Rotavirus is a common illness among children and infants. It causes severe diarrhea. Every child is infected by the illness by the time they reach 5 years of age. In less-developed countries, it is often unable to be treated due to lack of available medications. In the more developed countries, a vaccine is widely available with many children receiving it as part of their immunization plans. Adults can also contract Rotavirus. It can be particularly harmful in adults with compromised immune systems.
The virus spreads through contact with infected stool. The contact can be indirect: a person who got in touch with the virus and did not wash their hands properly can carry it around and spread it throughout different surfaces such as doorknobs or handles. Particularly at risk are changing tables, day cares and other childcare facilities, hospitals and places in which it can easily occur that somebody gets in touch with small amounts of contaminated stool.

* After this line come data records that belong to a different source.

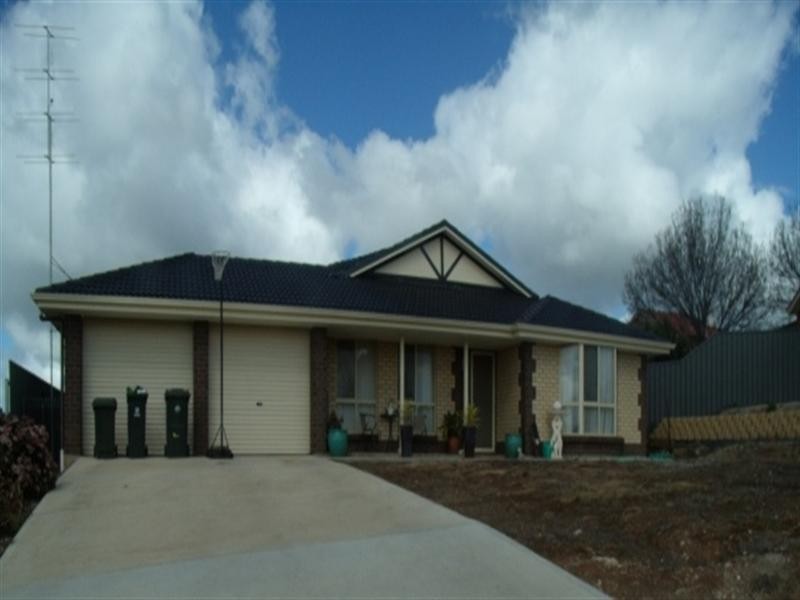 Lot 6 Henry Street, Auburn SA 5451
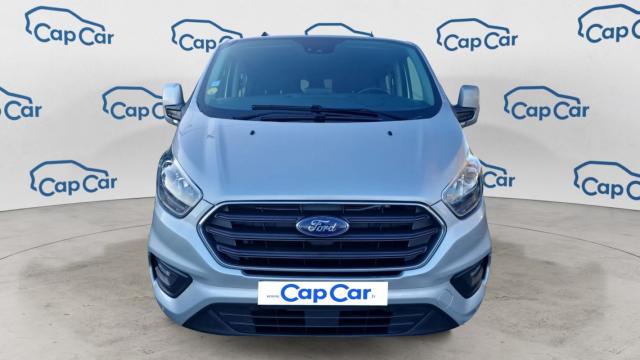 Ford Transit Custom image 7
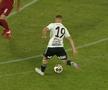 FOTO Hențul lui Ajeti în U Cluj - CFR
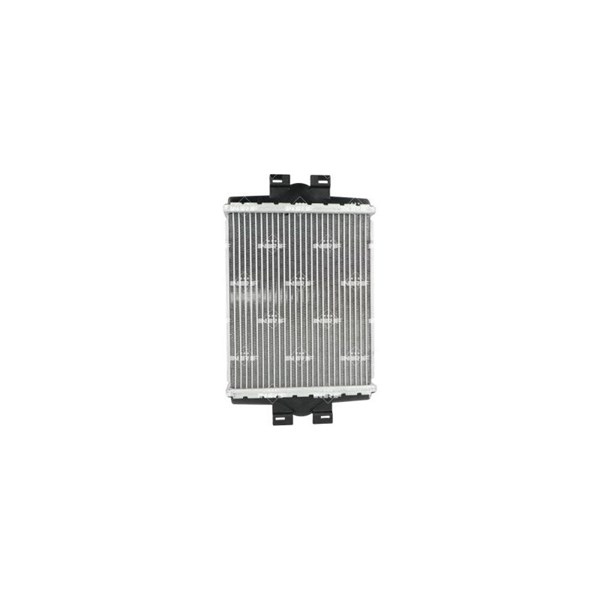 Kylare, motorkylning, Fram, Höger, Vänster Nrf 550274 NRF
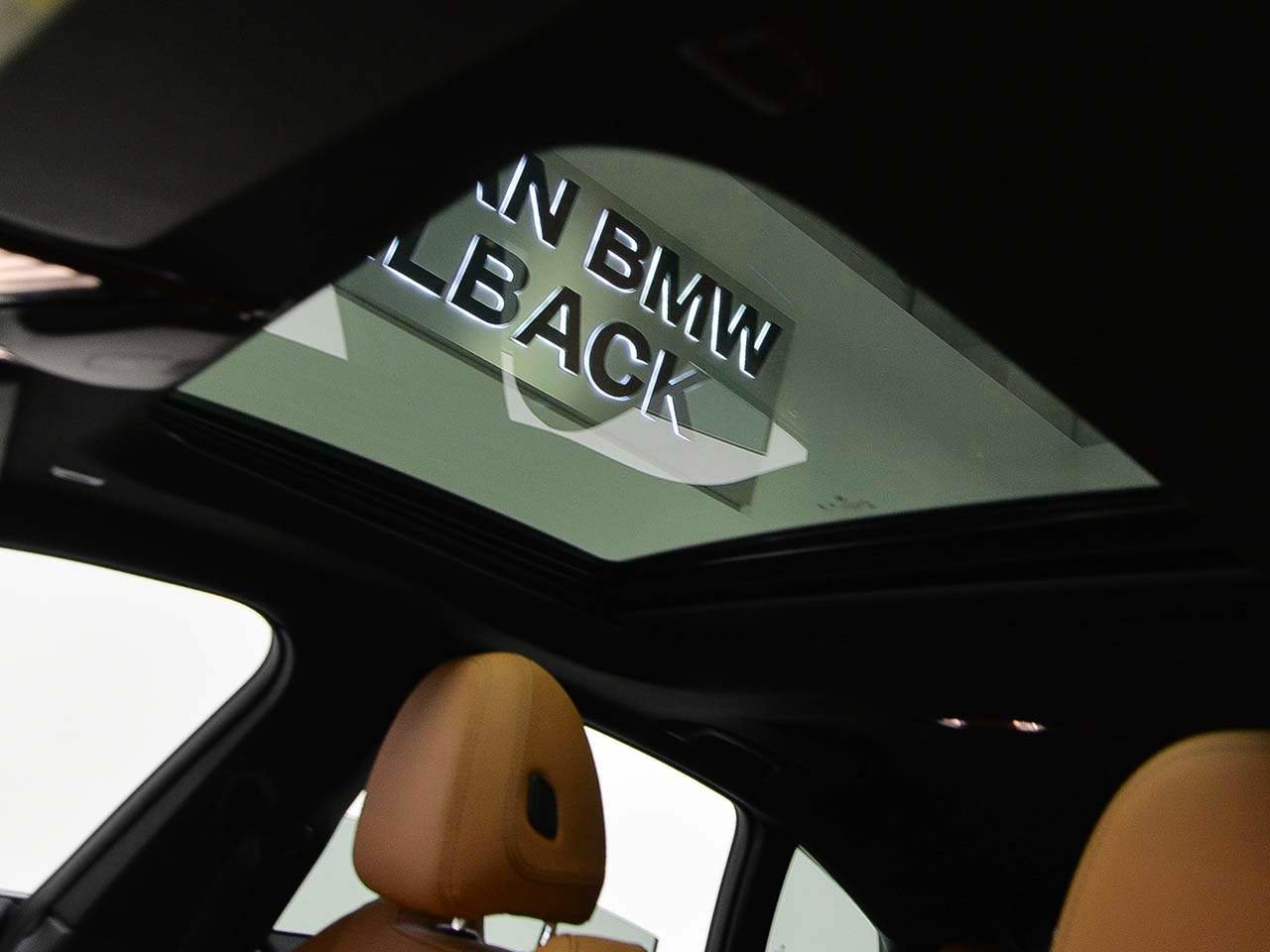 Certified 2023 BMW i4 eDrive35 w/ Premium Package RWD image 7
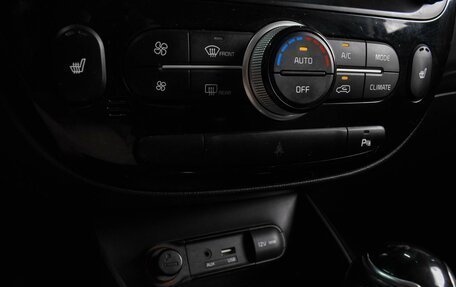 KIA Soul II рестайлинг, 2017 год, 1 459 000 рублей, 14 фотография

Rotavirus infection symptoms usually show as fever and vomiting followed by abdominal pains and diarrhea. Those symptoms can appear 1 to 4 days after a person becomes infected with the virus.
Diarrhea can last several days. Frequent diarrhea and/ vomiting may lead to dehydration in children, with the illness possibly becoming fatal if not treated swiftly.
No specific medication is available to treat Rotavirus. In many instances it will clear up completely on its’ own. A healthcare provider may prescribe or recommend medications that will at the very least, alleviate symptoms. Anyone with the illness, be it child or adult, should drink plenty of liquids to prevent dehydration. More severe cases of Rotavirus may require hospitalization in order to get fluids via intravenous treatment.